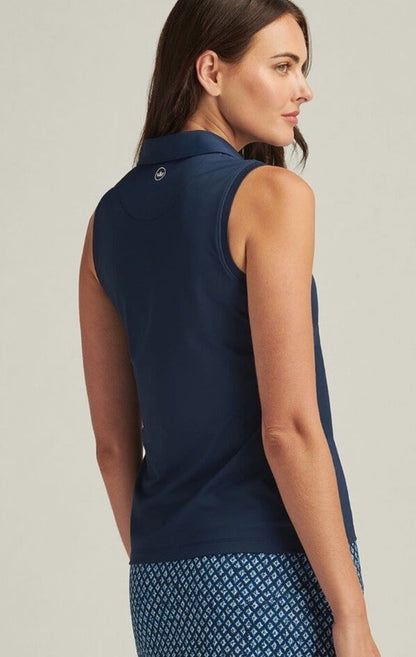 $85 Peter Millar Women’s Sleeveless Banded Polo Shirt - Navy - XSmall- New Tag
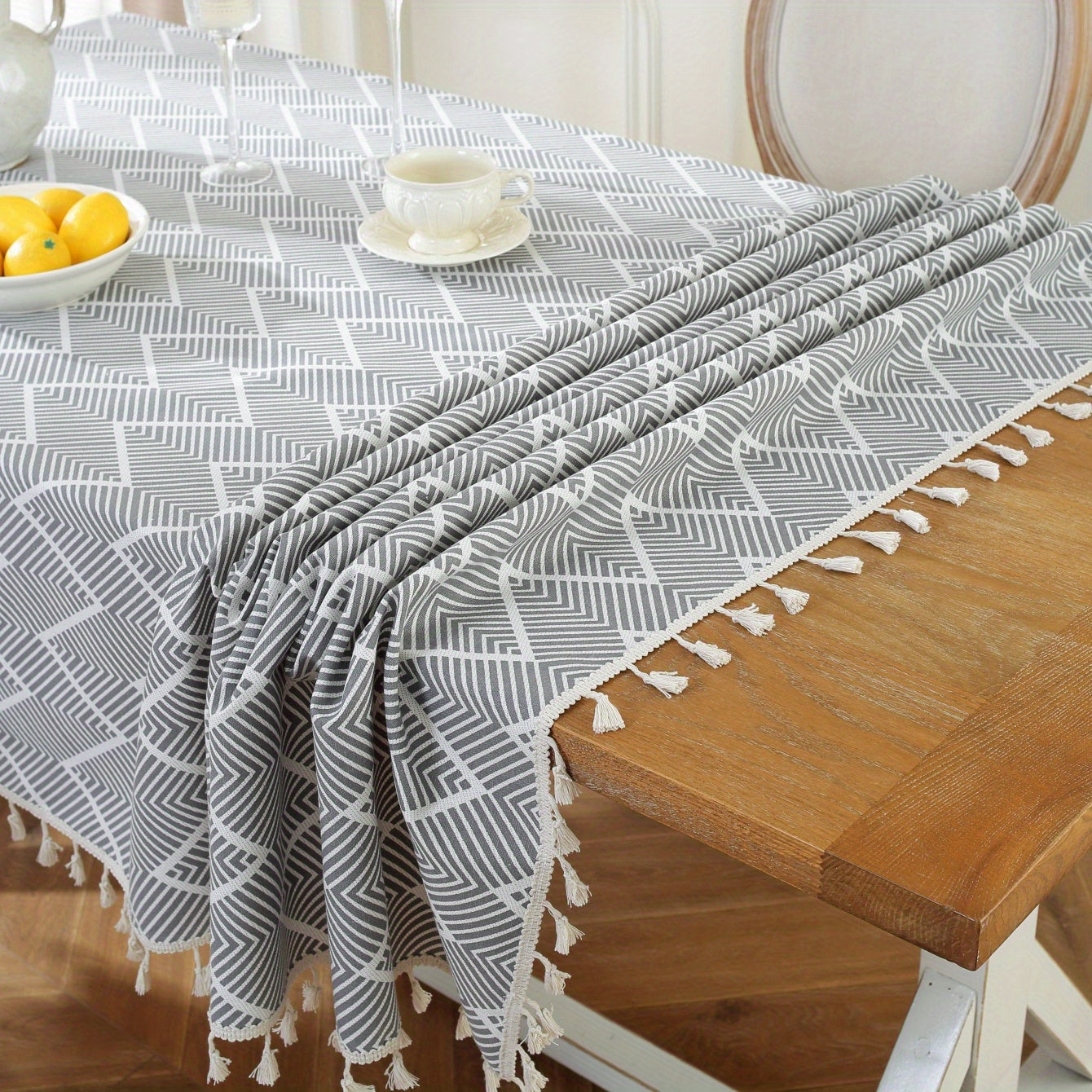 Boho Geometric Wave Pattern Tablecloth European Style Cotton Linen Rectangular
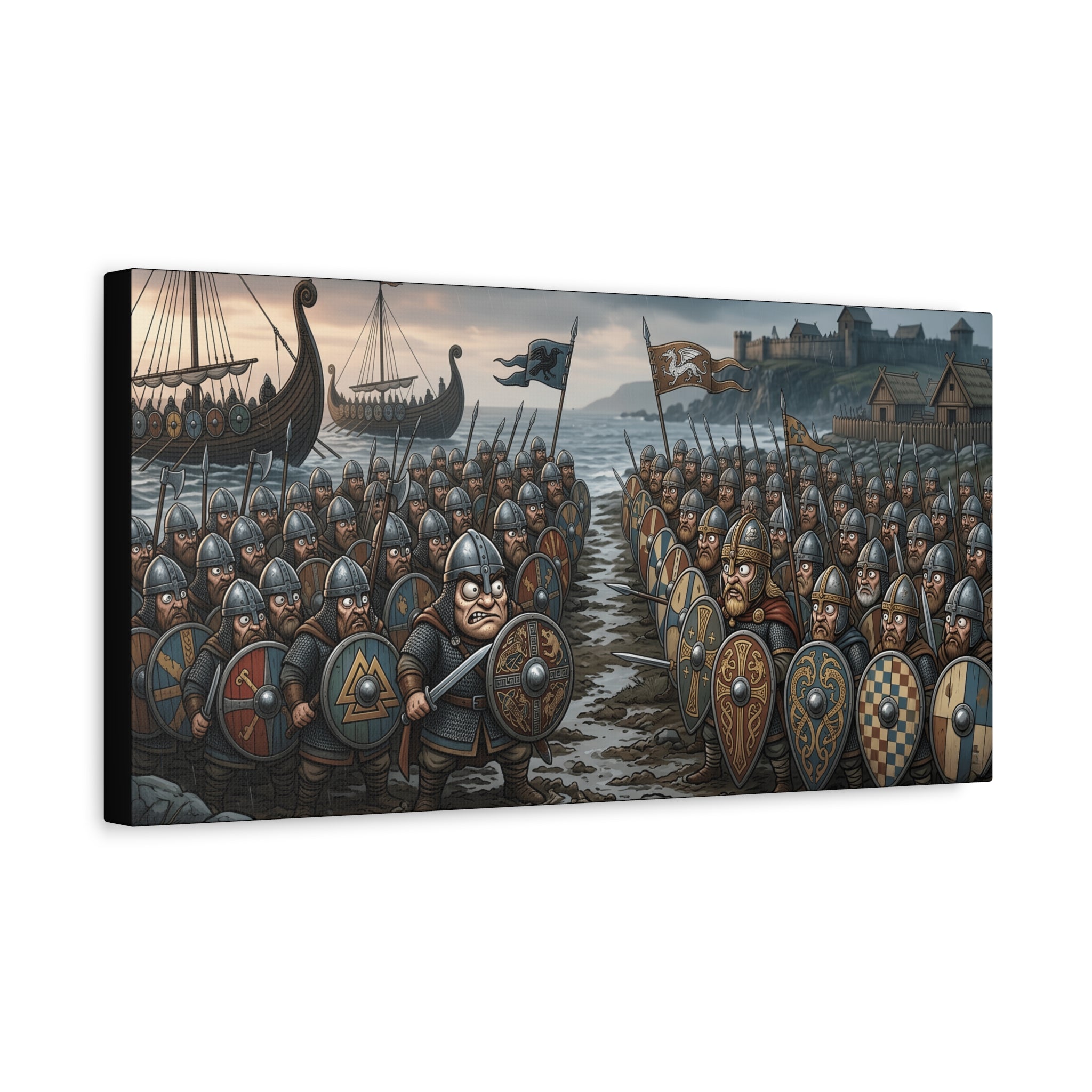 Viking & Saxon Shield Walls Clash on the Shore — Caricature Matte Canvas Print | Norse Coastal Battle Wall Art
--
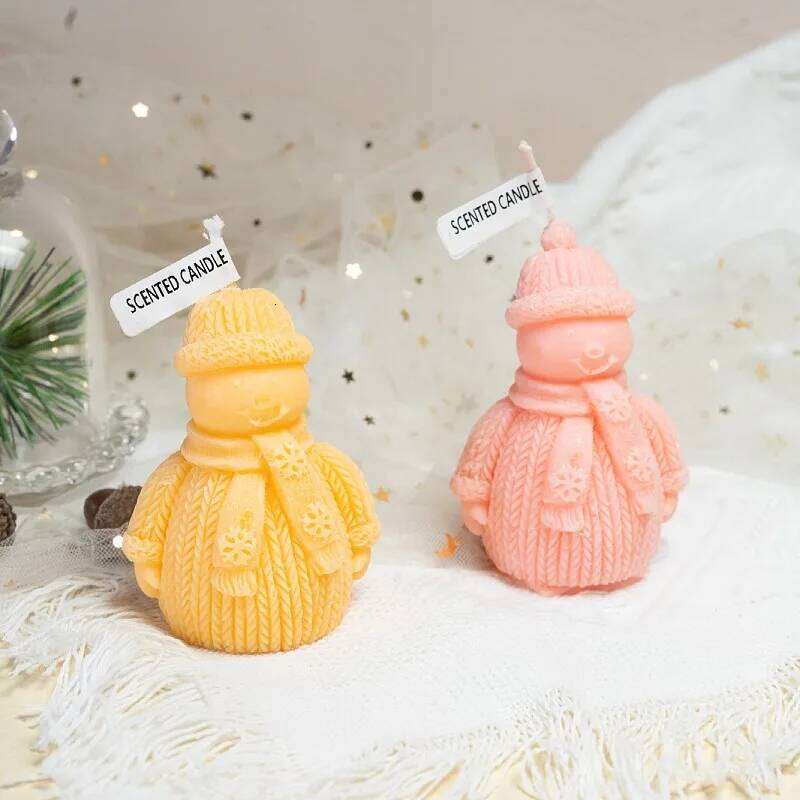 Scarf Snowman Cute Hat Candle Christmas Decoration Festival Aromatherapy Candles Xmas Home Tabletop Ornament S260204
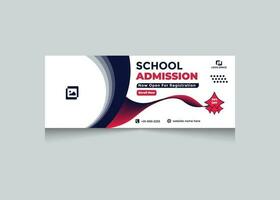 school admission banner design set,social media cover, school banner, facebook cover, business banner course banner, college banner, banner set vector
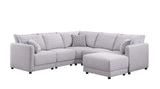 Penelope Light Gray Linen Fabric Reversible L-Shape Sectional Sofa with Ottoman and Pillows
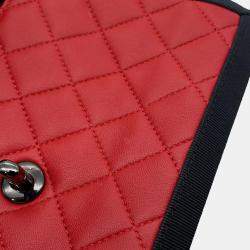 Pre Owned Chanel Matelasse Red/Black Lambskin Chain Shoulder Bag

* BRIEF *
The stretch to restate runs from the line above containing "Boho Geometric Wave" through the line containing "Viking & Saxon". Copy it word for word, ends included, without pictures.

* YOUR SOLUTION *
 Boho Geometric Wave Pattern Tablecloth European Style Cotton Linen Rectangular
 Viking & Saxon Shield Walls Clash on the Shore — Caricature Matte Canvas Print | Norse Coastal Battle Wall Art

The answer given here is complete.